--- Task objective ---
Directions for the data below: repeat exactly the lines from the one with "ホームベーカリーダスティブルーチェックパターン 名刺 (裏面)" through the one with "Aanbouwrekken, dubbele rekken, rekkensysteem", both included, and omit all pictures.

--- Extracted entries ---
- - - - -

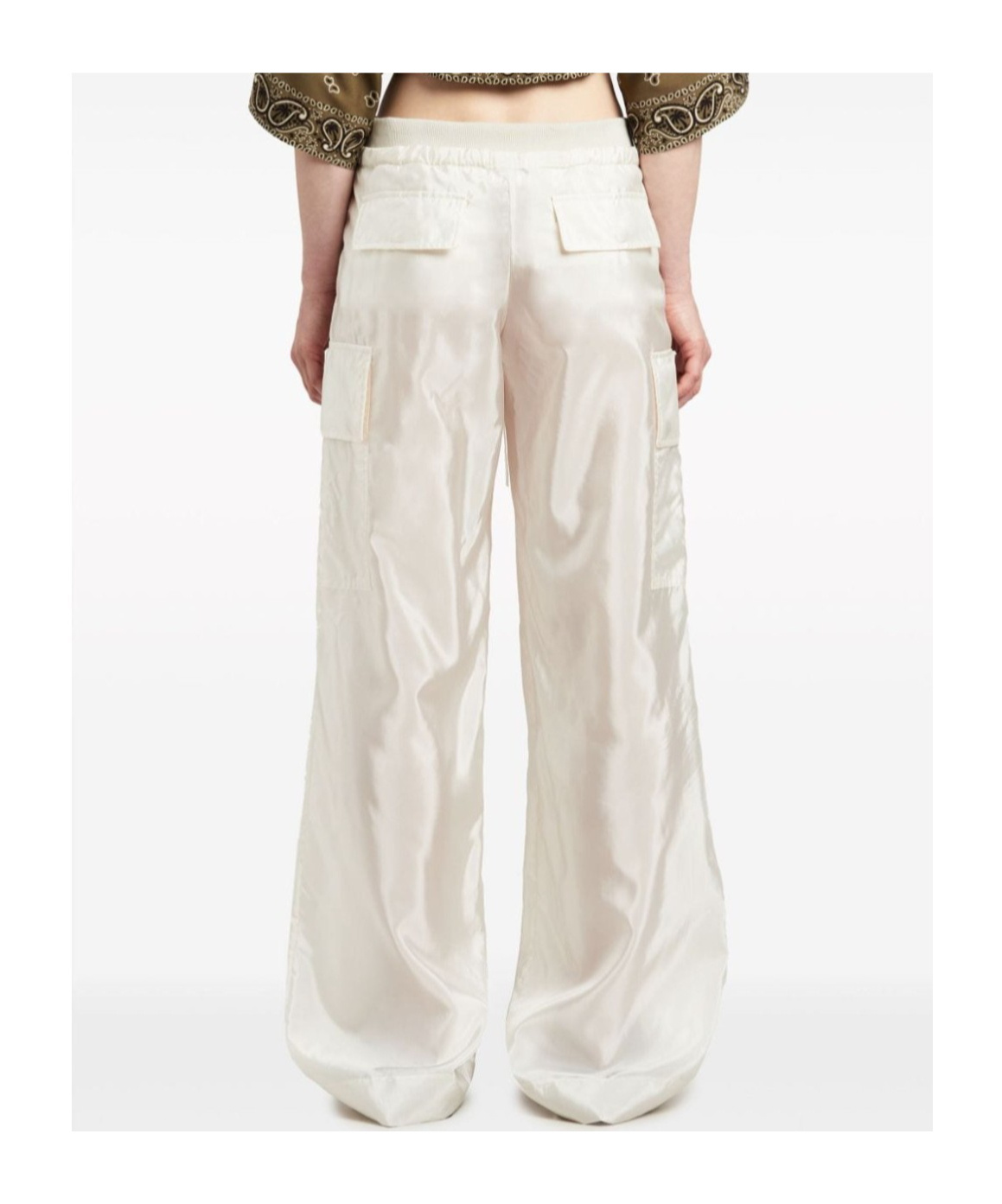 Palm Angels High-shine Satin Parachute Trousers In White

- - - - -

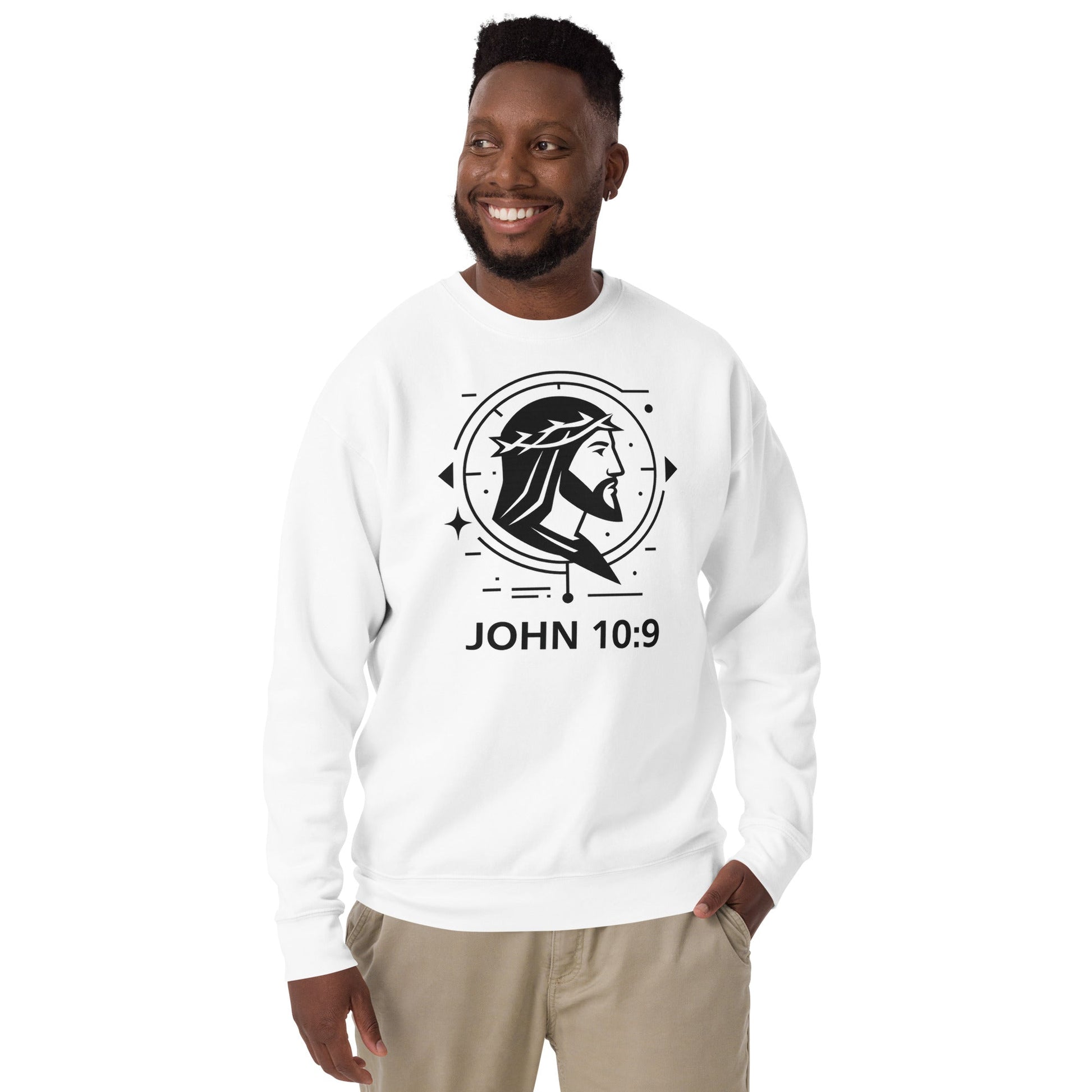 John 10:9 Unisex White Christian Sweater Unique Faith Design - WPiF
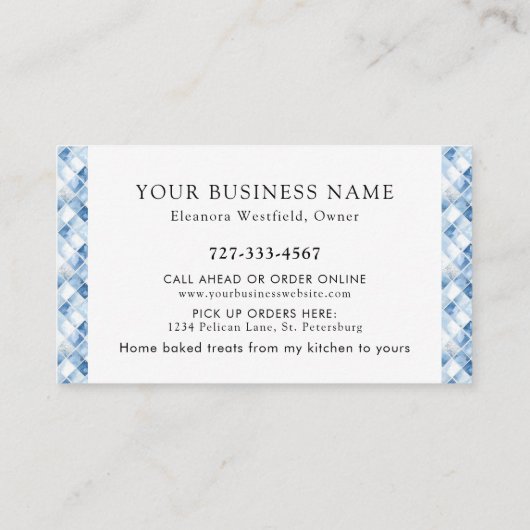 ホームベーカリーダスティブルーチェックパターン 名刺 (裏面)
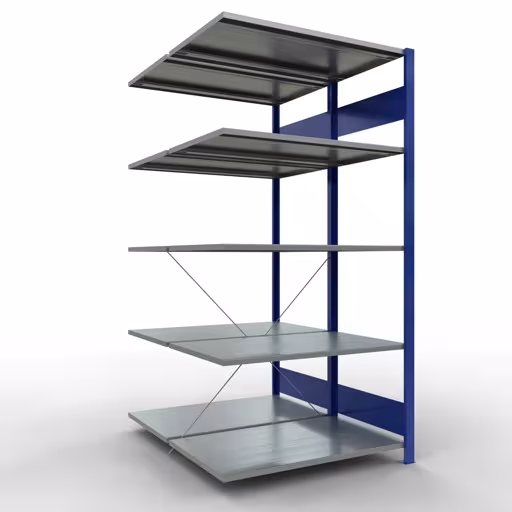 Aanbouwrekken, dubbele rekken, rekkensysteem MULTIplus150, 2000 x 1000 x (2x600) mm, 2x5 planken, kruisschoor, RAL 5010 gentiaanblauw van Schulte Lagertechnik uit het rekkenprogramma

- - - - -

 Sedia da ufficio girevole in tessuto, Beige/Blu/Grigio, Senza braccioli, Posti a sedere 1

- - - - -

--- Written solution ---
 ホームベーカリーダスティブルーチェックパターン 名刺 (裏面)
 Aanbouwrekken, dubbele rekken, rekkensysteem MULTIplus150, 2000 x 1000 x (2x600) mm, 2x5 planken, kruisschoor, RAL 5010 gentiaanblauw van Schulte Lagertechnik uit het rekkenprogramma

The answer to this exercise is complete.